Step-by-step explanation:

Refer to the diagram attached (not to scale.) Let
`\theta` denote the angle of elevation of the incline. Sine the incline rises
`1.0\; {\rm m}` (opposite) for every
`100\; {\rm m}` along the incline (hypotenuse):

`\displaystyle \sin(\theta) = \frac{(\text{opposite})}{(\text{hypotenuse})} = (1.0)/(100)`.

Let
`m = 2* 10^(5)\; {\rm kg}` denote the mass of the train. Decompose the weight
`m\, g` of the train into two components: along the incline and perpendicular to the incline. Refer to the diagram attached (not to scale):

• Weight along the incline:
  `m\, g\, \sin(\theta)`.
• Weight perpendicular to the incline:
  `m\, g\, \cos(\theta)`.

Hence, forces on the train along the incline are:

• Weight along the incline,
  `m\, g\, \sin(\theta)`,
• Friction, and
• Force driving the train forward.

Since the train is moving at a constant velocity, forces on the train should be balanced- both along the incline and perpendicular to the incline.

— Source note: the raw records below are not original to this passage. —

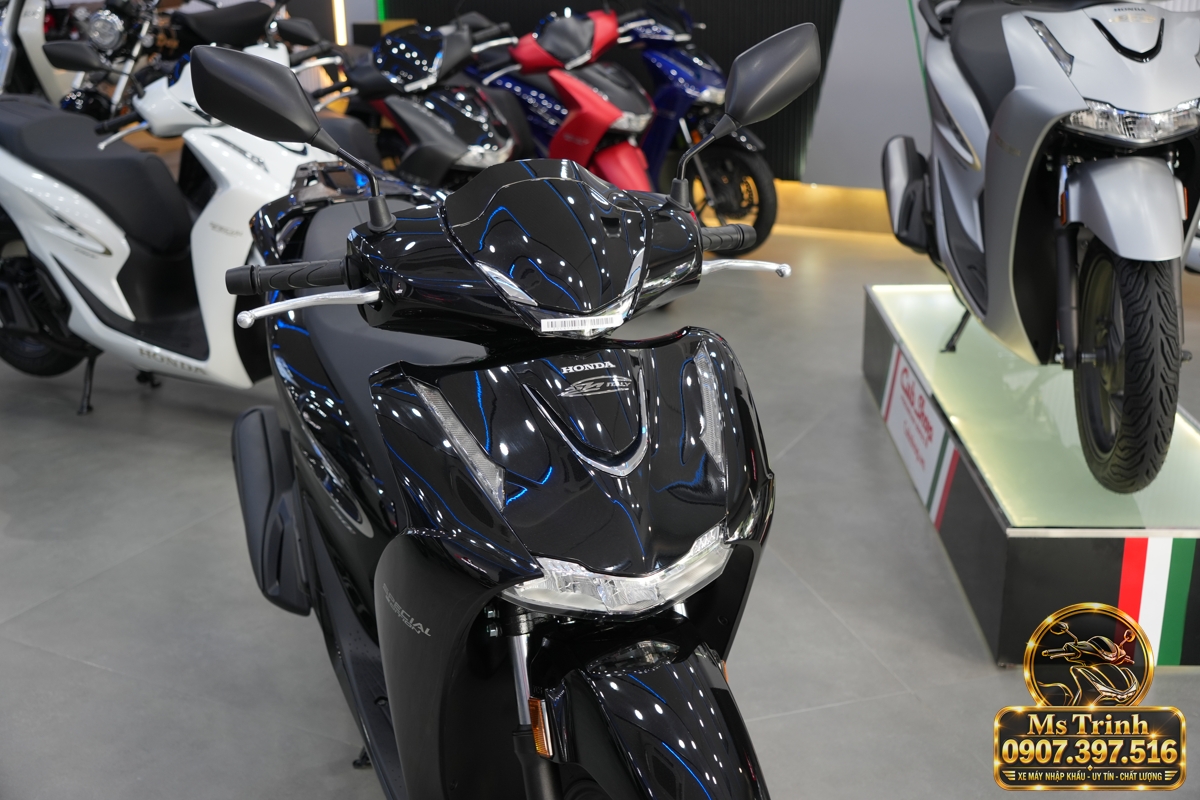 Góc nhìn dàn áo đen bóng làm rõ các đường cong trên thân xe Honda SH150i nhập Ý.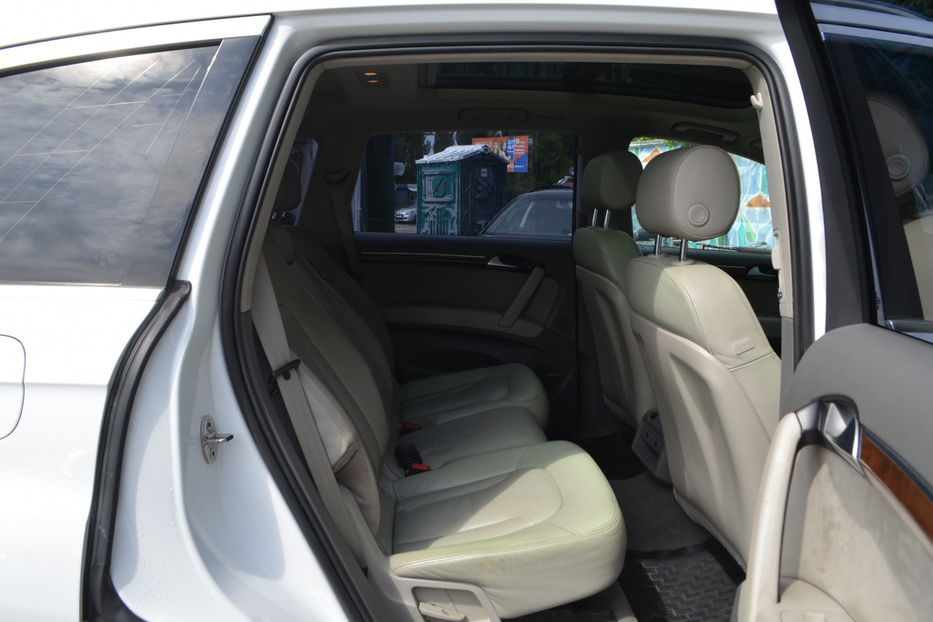 Продам Audi Q7 2011 года в Киеве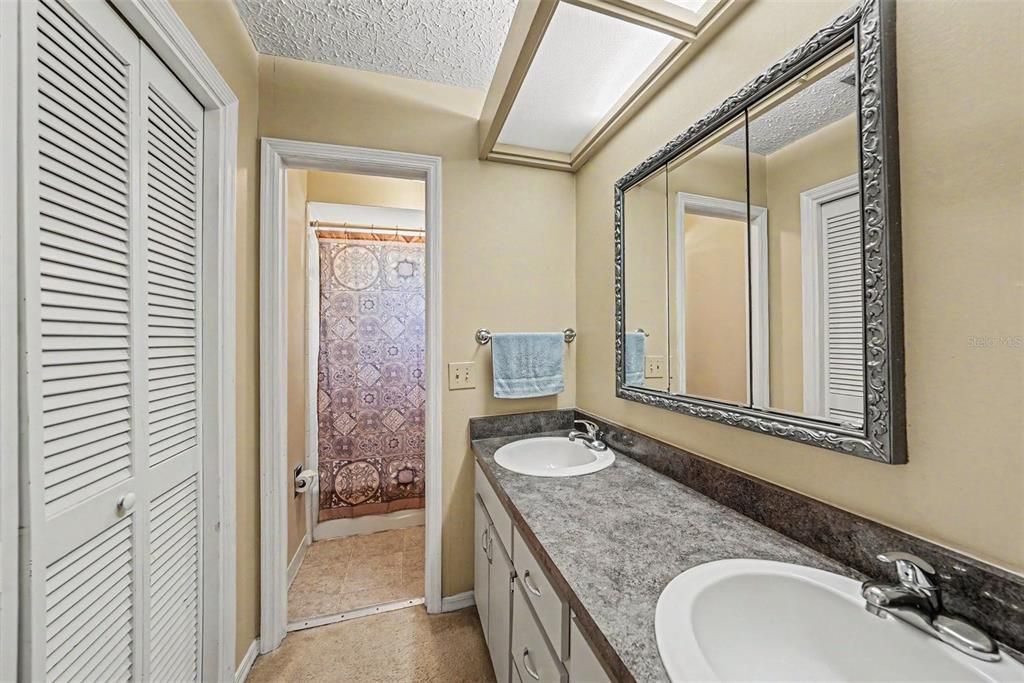 En Venta: $549,900 (5 camas, 3 baños, 2986 Pies cuadrados)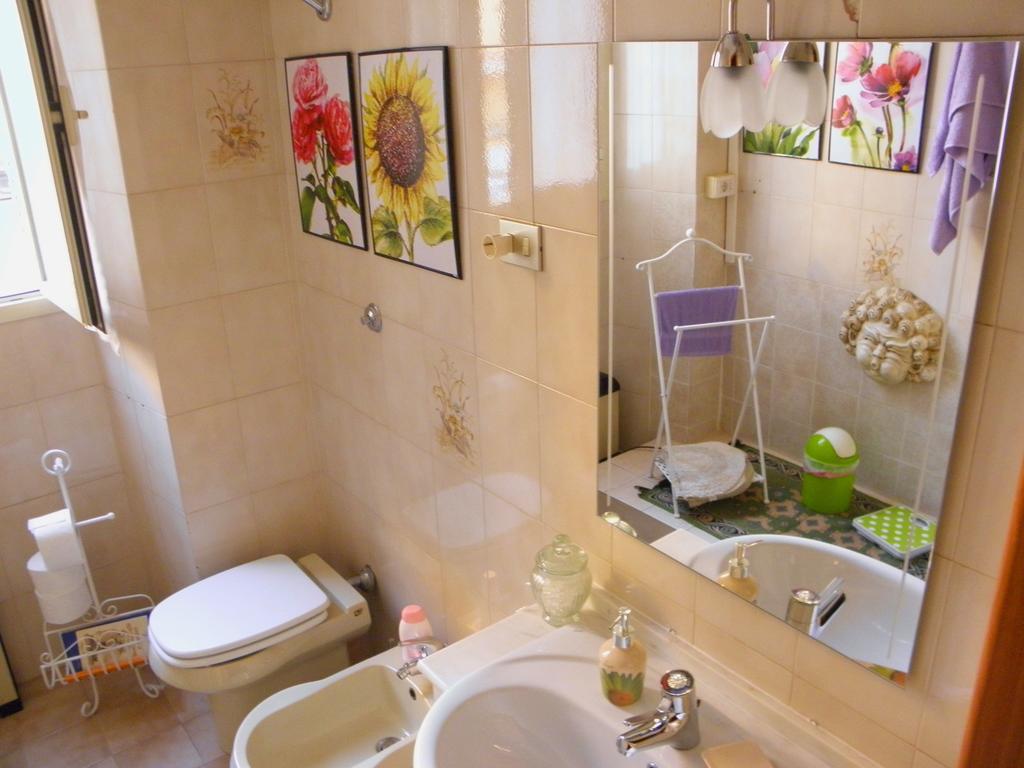 Alfieri B&B Cagliari Oda fotoğraf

For forces to be balanced in the component along the incline, the force driving the train upward should be equal to
`m\, g\, \sin(\theta) + (\text{friction})`.

Since
`\sin(\theta) = (1.0 / 100)` and
`(\text{friction}) = 1.28 * 10^(4)\; {\rm N}`:

`\begin{aligned} & m\, g\, \sin(\theta) + (\text{friction}) \\ =\; & (2 * 10^(5))\, (9.81)\, (1.0 / 100) + (1.28 * 10^(4)) \\ \approx\; & 32420\; {\rm N}\end{aligned}`.

Apply unit conversion and ensure that velocity of the train is in standard units:

`\begin{aligned} v &= 72\; {\rm km\cdot h^(-1)} * \frac{1000\; {\rm m}}{1\; {\rm km}} * \frac{1\; {\rm h}}{3600\; {\rm s}} \\ &= 20\; {\rm m\cdot s^(-1)}\end{aligned}`.

Power
`P` is the dot product of force
`F` and velocity
`v`. Since the force driving the train forward along the slope is in the same direction as velocity, the power of this force would be:

`\begin{aligned} P &= F\, v \\ &= (32420 \; {\rm N})\, (20\; {\rm m\cdot s^(-1)}) \\ &\approx 6.5 * 10^(5)\; {\rm W}\end{aligned}`.